(MATERIAL PROVIDED)
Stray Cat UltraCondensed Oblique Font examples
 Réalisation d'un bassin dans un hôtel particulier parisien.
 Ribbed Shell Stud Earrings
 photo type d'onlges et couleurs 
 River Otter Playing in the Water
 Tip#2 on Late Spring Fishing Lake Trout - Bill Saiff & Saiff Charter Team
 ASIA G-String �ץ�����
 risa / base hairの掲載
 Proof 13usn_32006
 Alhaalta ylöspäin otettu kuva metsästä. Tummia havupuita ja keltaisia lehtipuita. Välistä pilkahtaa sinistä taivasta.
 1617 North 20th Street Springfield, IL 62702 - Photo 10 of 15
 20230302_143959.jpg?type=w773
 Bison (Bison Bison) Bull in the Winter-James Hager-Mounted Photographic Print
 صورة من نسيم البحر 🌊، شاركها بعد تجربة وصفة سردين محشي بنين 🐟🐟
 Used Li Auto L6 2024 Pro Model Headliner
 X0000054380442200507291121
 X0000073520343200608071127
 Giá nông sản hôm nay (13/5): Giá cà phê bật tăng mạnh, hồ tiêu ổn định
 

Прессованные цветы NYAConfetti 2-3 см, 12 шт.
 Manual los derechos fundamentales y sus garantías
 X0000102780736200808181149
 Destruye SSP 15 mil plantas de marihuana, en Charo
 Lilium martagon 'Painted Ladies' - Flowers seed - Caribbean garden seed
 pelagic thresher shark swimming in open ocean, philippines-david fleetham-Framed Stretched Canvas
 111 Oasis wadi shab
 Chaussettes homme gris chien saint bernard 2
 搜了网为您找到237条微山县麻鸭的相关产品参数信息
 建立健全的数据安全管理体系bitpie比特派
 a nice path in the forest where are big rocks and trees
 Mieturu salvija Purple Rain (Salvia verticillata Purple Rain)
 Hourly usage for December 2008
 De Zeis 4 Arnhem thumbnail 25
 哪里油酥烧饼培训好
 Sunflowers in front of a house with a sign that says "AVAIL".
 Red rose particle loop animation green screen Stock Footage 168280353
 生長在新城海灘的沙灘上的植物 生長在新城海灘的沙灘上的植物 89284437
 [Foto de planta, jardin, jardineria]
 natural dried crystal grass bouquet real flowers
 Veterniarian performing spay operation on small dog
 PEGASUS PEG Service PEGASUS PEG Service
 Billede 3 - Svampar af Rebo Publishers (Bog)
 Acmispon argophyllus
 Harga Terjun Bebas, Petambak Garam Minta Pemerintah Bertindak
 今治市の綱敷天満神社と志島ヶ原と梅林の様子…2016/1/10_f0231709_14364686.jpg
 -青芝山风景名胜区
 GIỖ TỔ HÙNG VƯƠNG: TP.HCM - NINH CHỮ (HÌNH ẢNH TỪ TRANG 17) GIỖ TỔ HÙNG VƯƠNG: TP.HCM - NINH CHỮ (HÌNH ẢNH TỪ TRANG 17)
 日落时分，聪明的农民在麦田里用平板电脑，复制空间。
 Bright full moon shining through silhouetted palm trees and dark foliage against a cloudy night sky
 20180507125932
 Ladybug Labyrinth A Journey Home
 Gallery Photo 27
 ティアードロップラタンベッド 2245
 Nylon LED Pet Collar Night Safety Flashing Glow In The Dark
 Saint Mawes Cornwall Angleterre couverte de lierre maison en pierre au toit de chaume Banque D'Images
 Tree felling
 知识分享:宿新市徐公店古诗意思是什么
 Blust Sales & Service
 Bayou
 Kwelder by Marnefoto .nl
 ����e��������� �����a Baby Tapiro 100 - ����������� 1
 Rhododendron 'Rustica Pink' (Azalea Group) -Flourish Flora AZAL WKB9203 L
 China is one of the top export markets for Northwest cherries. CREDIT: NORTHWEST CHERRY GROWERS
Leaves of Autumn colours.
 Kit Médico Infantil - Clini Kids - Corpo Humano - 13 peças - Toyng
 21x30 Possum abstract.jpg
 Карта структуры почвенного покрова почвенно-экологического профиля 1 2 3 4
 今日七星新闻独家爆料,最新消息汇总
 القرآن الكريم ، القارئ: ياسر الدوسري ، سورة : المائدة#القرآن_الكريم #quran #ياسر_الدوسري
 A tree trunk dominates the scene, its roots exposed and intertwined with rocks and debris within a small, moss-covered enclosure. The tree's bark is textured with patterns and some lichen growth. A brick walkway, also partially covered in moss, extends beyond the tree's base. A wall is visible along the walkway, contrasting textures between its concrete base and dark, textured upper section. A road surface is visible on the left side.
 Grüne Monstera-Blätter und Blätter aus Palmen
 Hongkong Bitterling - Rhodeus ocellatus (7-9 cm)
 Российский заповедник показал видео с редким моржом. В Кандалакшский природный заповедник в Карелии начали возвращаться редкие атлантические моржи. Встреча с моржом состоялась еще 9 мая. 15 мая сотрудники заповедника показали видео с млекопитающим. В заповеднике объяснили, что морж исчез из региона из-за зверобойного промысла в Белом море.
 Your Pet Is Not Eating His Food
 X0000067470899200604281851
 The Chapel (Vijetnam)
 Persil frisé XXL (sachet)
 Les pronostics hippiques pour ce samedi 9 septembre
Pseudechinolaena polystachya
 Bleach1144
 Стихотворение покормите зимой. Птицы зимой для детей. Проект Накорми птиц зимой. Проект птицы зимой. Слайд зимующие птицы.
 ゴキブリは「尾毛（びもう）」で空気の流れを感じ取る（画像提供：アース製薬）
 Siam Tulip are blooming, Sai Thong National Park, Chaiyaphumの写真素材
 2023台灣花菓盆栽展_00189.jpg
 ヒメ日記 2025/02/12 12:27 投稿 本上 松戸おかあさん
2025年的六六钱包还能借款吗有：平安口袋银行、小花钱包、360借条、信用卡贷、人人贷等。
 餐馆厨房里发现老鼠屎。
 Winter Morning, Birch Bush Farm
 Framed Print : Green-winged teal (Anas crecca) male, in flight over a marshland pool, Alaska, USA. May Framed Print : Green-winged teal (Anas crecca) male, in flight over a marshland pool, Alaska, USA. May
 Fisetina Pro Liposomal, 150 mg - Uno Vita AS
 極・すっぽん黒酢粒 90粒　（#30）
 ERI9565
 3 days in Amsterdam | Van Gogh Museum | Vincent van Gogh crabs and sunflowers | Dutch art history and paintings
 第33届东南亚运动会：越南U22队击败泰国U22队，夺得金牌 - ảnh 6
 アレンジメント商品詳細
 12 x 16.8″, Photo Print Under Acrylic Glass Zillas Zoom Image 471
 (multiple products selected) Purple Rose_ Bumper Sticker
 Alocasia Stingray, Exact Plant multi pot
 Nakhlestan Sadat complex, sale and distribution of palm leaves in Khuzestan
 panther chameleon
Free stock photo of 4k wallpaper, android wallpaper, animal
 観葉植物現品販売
(End MATERIAL PROVIDED)
AIM OF THE EXERCISE:
Where a line above contains the word "trees", copy that line.

REPLY TO THE TASK:
 a nice path in the forest where are big rocks and trees
 Bright full moon shining through silhouetted palm trees and dark foliage against a cloudy night sky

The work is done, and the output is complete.